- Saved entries
╔══

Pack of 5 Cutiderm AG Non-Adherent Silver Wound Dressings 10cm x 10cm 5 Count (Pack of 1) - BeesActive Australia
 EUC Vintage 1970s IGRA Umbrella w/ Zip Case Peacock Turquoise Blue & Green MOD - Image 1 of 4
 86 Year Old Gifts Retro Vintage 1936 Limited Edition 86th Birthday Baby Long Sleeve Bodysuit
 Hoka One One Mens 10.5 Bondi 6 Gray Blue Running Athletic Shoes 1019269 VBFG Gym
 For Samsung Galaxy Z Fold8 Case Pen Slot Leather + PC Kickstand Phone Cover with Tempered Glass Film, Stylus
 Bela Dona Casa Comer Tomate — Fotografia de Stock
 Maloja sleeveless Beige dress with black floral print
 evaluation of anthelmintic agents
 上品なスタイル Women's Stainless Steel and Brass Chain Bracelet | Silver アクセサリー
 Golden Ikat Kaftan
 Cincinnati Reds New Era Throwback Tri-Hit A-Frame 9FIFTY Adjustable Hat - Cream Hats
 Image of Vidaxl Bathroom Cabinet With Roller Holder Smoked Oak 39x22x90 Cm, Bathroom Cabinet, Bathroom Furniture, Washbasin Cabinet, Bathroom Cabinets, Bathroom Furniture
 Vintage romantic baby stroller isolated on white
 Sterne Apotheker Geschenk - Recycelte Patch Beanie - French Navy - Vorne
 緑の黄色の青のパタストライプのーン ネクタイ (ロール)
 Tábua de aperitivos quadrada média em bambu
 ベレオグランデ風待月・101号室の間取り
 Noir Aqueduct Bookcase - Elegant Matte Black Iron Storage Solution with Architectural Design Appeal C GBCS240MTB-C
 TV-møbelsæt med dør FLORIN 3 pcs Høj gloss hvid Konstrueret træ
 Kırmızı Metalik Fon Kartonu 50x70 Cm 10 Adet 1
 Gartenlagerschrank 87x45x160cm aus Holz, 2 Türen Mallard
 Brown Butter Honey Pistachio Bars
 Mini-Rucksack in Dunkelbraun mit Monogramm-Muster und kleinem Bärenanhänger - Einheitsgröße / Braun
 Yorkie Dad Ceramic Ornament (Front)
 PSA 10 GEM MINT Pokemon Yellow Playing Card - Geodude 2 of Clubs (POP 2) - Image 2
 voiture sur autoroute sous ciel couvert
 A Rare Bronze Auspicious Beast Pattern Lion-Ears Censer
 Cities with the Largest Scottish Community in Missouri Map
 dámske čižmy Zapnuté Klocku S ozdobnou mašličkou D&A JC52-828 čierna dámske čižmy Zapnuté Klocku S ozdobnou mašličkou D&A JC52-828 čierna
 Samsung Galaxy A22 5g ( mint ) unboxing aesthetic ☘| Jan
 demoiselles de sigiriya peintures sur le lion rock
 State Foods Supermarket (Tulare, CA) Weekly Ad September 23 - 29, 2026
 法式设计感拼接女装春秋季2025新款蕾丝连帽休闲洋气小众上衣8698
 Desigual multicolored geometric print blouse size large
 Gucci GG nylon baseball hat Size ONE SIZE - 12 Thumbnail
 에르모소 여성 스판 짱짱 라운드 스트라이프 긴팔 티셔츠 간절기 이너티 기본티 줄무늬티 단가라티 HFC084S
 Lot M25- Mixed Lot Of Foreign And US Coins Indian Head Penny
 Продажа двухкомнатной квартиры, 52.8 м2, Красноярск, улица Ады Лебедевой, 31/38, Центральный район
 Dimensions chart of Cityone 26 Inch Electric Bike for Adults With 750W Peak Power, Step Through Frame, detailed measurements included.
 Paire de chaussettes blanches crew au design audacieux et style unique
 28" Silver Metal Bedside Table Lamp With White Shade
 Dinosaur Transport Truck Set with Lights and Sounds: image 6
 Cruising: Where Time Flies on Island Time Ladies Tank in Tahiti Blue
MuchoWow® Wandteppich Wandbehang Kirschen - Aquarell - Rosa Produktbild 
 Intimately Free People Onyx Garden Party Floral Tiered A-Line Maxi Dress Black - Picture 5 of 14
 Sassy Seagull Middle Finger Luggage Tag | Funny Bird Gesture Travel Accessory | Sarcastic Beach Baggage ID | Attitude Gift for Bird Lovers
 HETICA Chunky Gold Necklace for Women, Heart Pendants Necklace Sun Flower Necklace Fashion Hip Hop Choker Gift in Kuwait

╚══

Beginning with the first line above, could you copy every line exactly, up to and including the one with "For Samsung Galaxy"?

- ANSWER BOX
Pack of 5 Cutiderm AG Non-Adherent Silver Wound Dressings 10cm x 10cm 5 Count (Pack of 1) - BeesActive Australia
 EUC Vintage 1970s IGRA Umbrella w/ Zip Case Peacock Turquoise Blue & Green MOD - Image 1 of 4
 86 Year Old Gifts Retro Vintage 1936 Limited Edition 86th Birthday Baby Long Sleeve Bodysuit
 Hoka One One Mens 10.5 Bondi 6 Gray Blue Running Athletic Shoes 1019269 VBFG Gym
 For Samsung Galaxy Z Fold8 Case Pen Slot Leather + PC Kickstand Phone Cover with Tempered Glass Film, Stylus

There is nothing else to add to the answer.